# How heavy do you go?



## MunchieBites (Jan 14, 2013)

Yesterday i managed 7 reps of incline flys at 16kg's. I felt well chuffed, but then got to wonder what is 'good' for a woman? I dont have many female friends who weight train, and i train with a 19 stone rugby man and a gym owner so can't compare (or i can and feel weak).

What is your best weight for women on bench/fly/etc etc? What are you most proud of? what is your goal?

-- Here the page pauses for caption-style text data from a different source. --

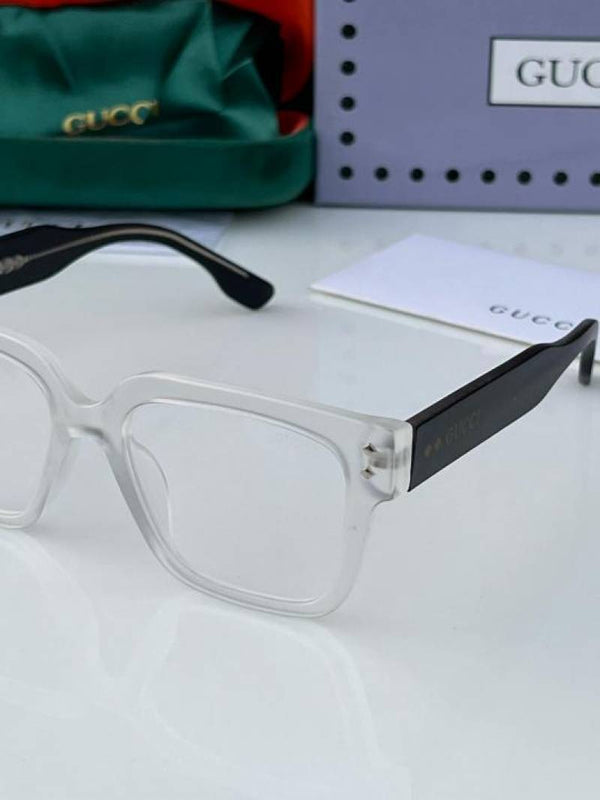 Gucci_2610_white_plano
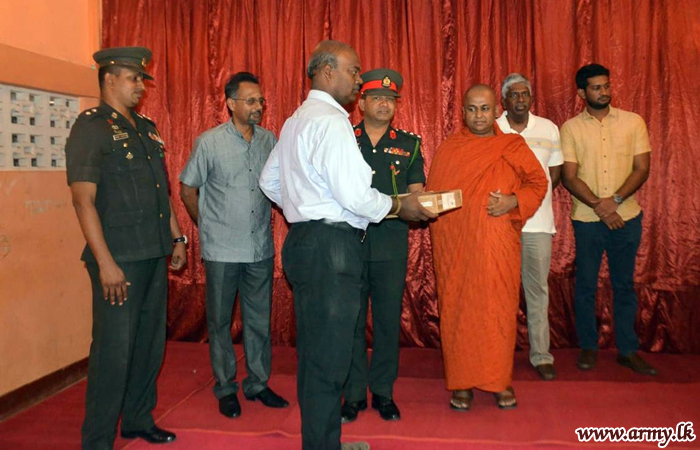 இராணுவத்தின் ஒத்துழைப்புடன் மடிகணனிகள் மாணவர்களுக்கு வழங்கி வைப்பு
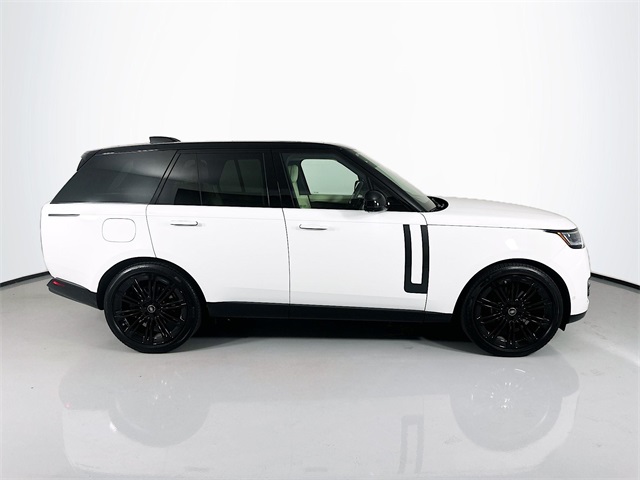 2025 Land Rover Range Rover SE photo 8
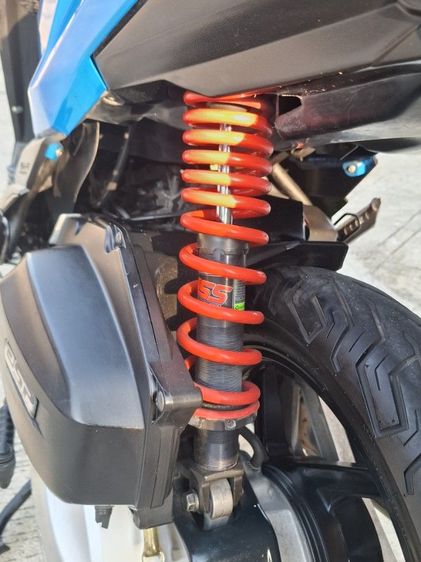 Honda clickปี2016ไฟหน้าLEDสภาพดีภาษี พรบไม่ขาดเครื่องยนต์เงียบกริบเอกสารครบพร้อมโอน รูปที่ 9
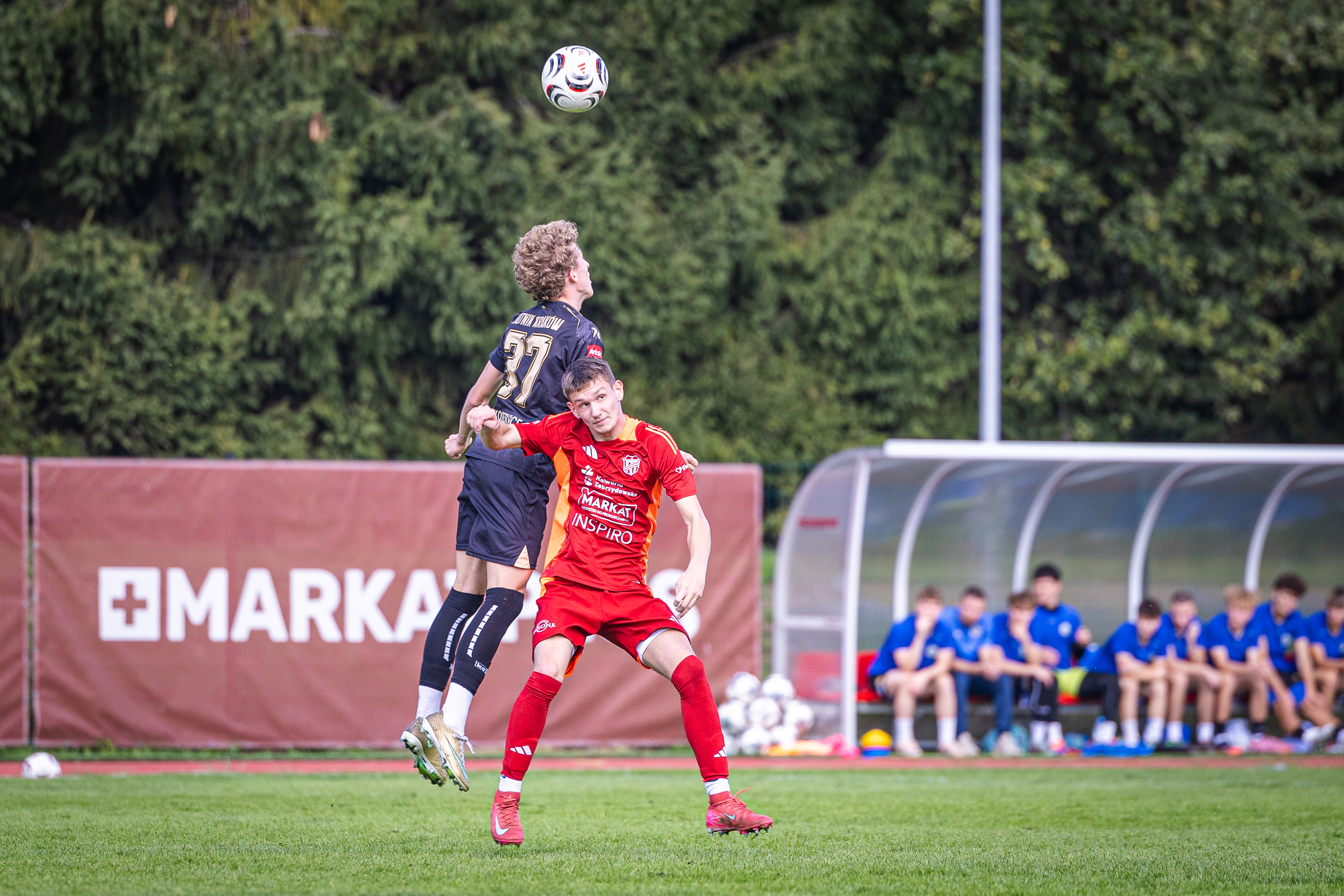 Galeria: MKS Kalwarianka - Hutnik II Kraków 11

I would like to set myself some realistic goals to aim for.

Men- what have you seen a woman do (not relating to ping pong balls) that you have been impressed with?

My current stats after training for a solid 12 months/playing rugby-

bench- 80kg

squat (just starting, mostly form at the moment)- 20kg

deadlift (see above) 40kg

fly-16kg

dumbell press- 40kg

bicep curl EZ bar- 20kg

leg press-120kg

Military press 20kg (so weak on shoulders)

Would like some targets, and to be nosy


----------



## Hayesy (Aug 15, 2011)

MunchieBites said:


> Yesterday i managed 7 reps of incline flys at 16kg's. I felt well chuffed, but then got to wonder what is 'good' for a woman? I dont have many female friends who weight train, and i train with a 19 stone rugby man and a gym owner so can't compare (or i can and feel weak).
> 
> What is your best weight for women on bench/fly/etc etc? What are you most proud of? what is your goal? I would like to set myself some realistic goals to aim for.
> 
> ...


Thats decent, dont see many ladies benching that weight, tbh i dont think i have ever seen a woman do that, fair play :thumb:


----------



## MunchieBites (Jan 14, 2013)

Hayesy said:


> Thats decent, dont see many ladies benching that weight, tbh i dont think i have ever seen a woman do that, fair play :thumb:


chest is my strongest by far but my shoulders and core are effing awful (oh and calfs)

Was a chest/tri day yesterday so felt well pumped but shoulders tomorrow and i would like some goals to target myself to

But thanks


----------



## Fatstuff (Mar 2, 2010)

thats an awesome DB press mate, and bench and flyes. Im sure your squat and deads will fly up if u put the effort in. good work:thumbup1:


----------



## Hayesy (Aug 15, 2011)

MunchieBites said:


> chest is my strongest by far but my shoulders and core are effing awful (oh and calfs)
> 
> Was a chest/tri day yesterday so felt well pumped but shoulders tomorrow and i would like some goals to target myself to
> 
> But thanks


Lower weight more reps and good form, how does ur routine look?


----------



## gettingLEAN (Aug 8, 2009)

very strong 80kg bench, im sure your squat will be heavy also when u nail the form  girls who squat = the BEST type of girls


----------



## theBEAST2002 (Oct 16, 2011)

my missus lifts the following:-

bench- 65kg

squat-105kg

deadlift-65kg

fly-she doesn't do them

dumbell press-she doesn't do them

bicep curl EZ bar- 20kg

leg press-180

Military press-45kg

my missus doesn't train as hard as she used to, she also has implants so she doesn't have to worry about the effect on her breast when performingchest exercises. she's not looking to compete just look better and feel more confident.


----------



## MunchieBites (Jan 14, 2013)

Hayesy said:


> Lower weight more reps and good form, how does ur routine look?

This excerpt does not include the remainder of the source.